Hotel Château du Grand-Lucé.  Photography by Puxan

So Holthus took a leap of faith, making her plea directly to Corrigan. She would turn the château into what may be the world’s most elaborate boutique hotel—not the sort of standardized accommodation that seems to be taking over the world these days, but the kind that, by her own description, “transports.”

“I feel like today we’re looking for a story and a sense of place. Where do we fit?” she asks. “There is a whole class of luxury traveler that can’t find what they’re looking for at the big-box hotels. I am the target market.”
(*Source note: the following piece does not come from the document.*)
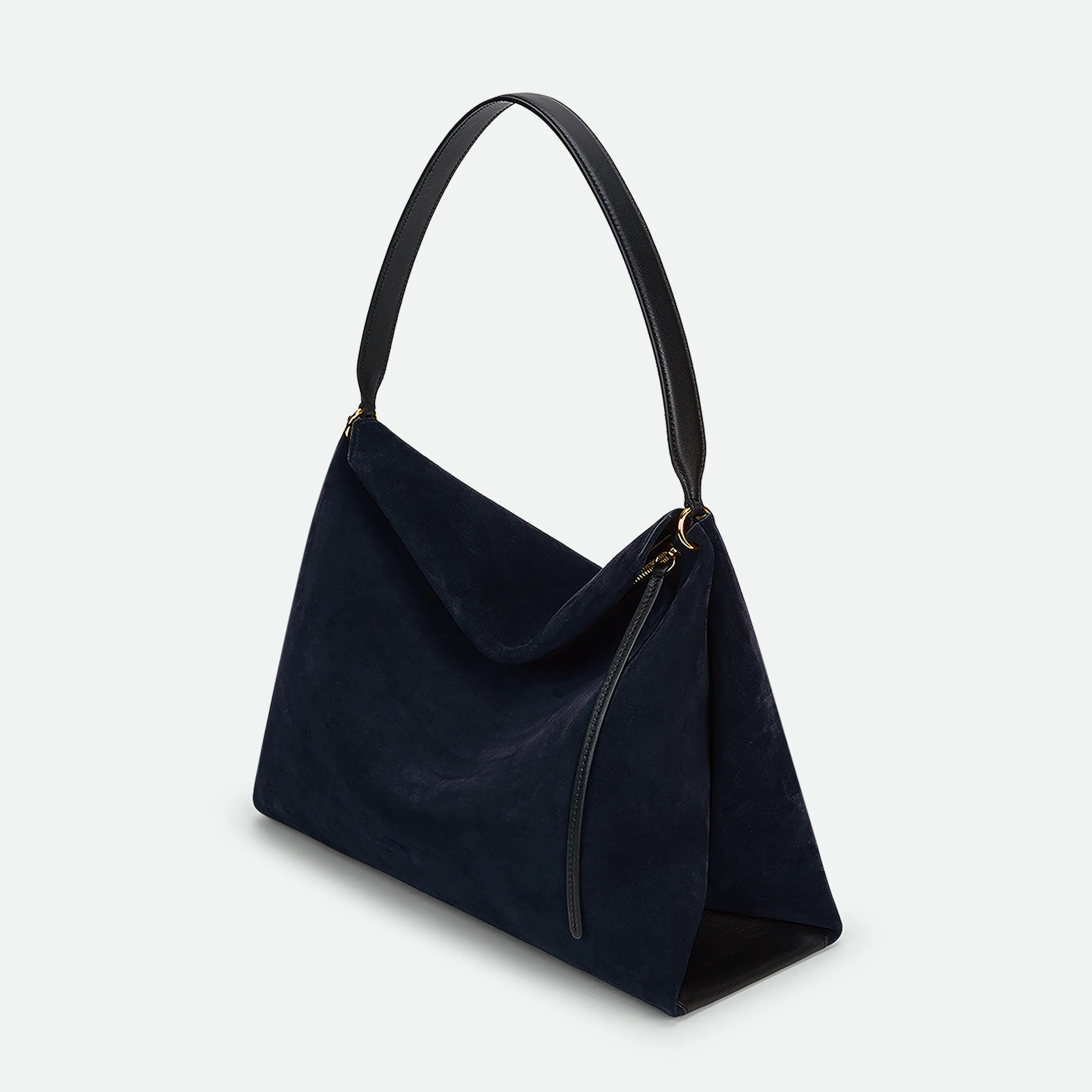 Penelope Tote - Orion Suede / Black - Image 3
Hotel Château du Grand-Lucé.  Photography by Puxan

Holthus’s storied acquisition—which she has been renovating for nearly two years—is the impetus for her new hospitality brand, Pilot Hotels. The name is a nod to her family’s competitive hobby of sailing. Just as pilots steer ships in dangerous waters, Holthus hopes to do her own trailblazing in the field of luxury hospitality, where she has frequently lamented a lack of authenticity. During stays at a reputed brand’s hotels in Chicago and Shanghai, for instance, she was surprised to find the same interiors at both locations.

With that in mind, Holthus aims to make Pilot the anti-hotel-brand hotel brand, creating curated properties for the most discerning travelers. When the château opens this summer, it will be the second hotel in her newly formed collection, joining the Washington School House, a 19th-century Park City, Utah, schoolhouse, which she transformed into a 12-room mountain retreat.
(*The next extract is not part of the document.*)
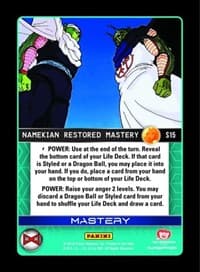 Namekian Restored Mastery (High Tech Foil)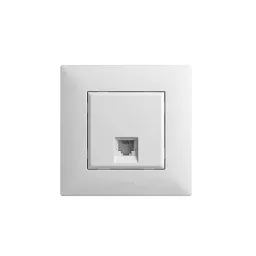LEGRAND 768129-ტელეფონის როზეტი RJ11 (თეთრი)-JUSTSHOP.GE-ზე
Holthus roams the property.

Holthus roams the property.  Photography by Puxan

The property is another product of her love for a juicy backstory: The old limestone building survived the city’s Great Fire of 1898 and lived on as a dance hall before becoming a modest bed-and-breakfast. Holthus gave it a faithful restoration—with a modern twist—when she debuted it as her first hotel in 2011.

“Everything is intentional,” she says as she walks the grounds of her estate, which she has renamed the Hotel Château du Grand-Lucé. The baron’s former retreat is a mammoth 45,000 square feet, yet Holthus has reconfigured it to have just 17 guest rooms. The property’s stables—which once held that secret cache of Louvre masterpieces—have become a grand ballroom with custom Pierre Frey velvet drapes, herringbone floors and crystal chandeliers hung from 21-foot-tall ceilings.
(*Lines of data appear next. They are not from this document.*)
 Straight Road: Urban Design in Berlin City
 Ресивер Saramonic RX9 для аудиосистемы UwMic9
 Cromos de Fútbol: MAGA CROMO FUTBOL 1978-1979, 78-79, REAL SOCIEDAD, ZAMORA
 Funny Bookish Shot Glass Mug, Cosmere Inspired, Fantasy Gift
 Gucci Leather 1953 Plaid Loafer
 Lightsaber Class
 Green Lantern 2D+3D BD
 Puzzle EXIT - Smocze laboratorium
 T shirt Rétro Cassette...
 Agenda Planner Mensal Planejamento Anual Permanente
"I want guests to feel like a nobleman in a nobleman's home," said Holthus.

“I want guests to feel like a nobleman in a nobleman’s home,” said Holthus.  Photography by Puxan

The chapel has become a bar and lounge, and the baron’s bedroom is now a suite that includes a private library and its own salon. The original Jean-Baptiste Pillement chinoiserie paintings—many discovered behind painted wood panels erected to hide them from Nazis—have been faithfully repaired.

But amid all that restoration is reinvention, too. Eighteenth-century portraits hang next to abstract French oil paintings from the 1950s, and a gilt bergère, located in one of the Pied-à-Terre Suites, has been upholstered in a vivid contemporary floral print by Jean Paul Gaultier. The chinoiserie paintings, meanwhile, are the backdrop to minimalist sofas by French furniture brand Roche Bobois.

A closer look.

A closer look.  Photography by Puxan

“I want guests to feel like a nobleman in a nobleman’s home,” says Holthus. “I’m also trying to translate the Baron de Lucé’s vision for the 21st century.” It’s as if the baron and Holthus are kindred spirits—with the latter evolving the work of the former. “I think we would have gotten along quite well,” she posits. Only, in this version of the story, the château’s master is sticking around long enough to enjoy it.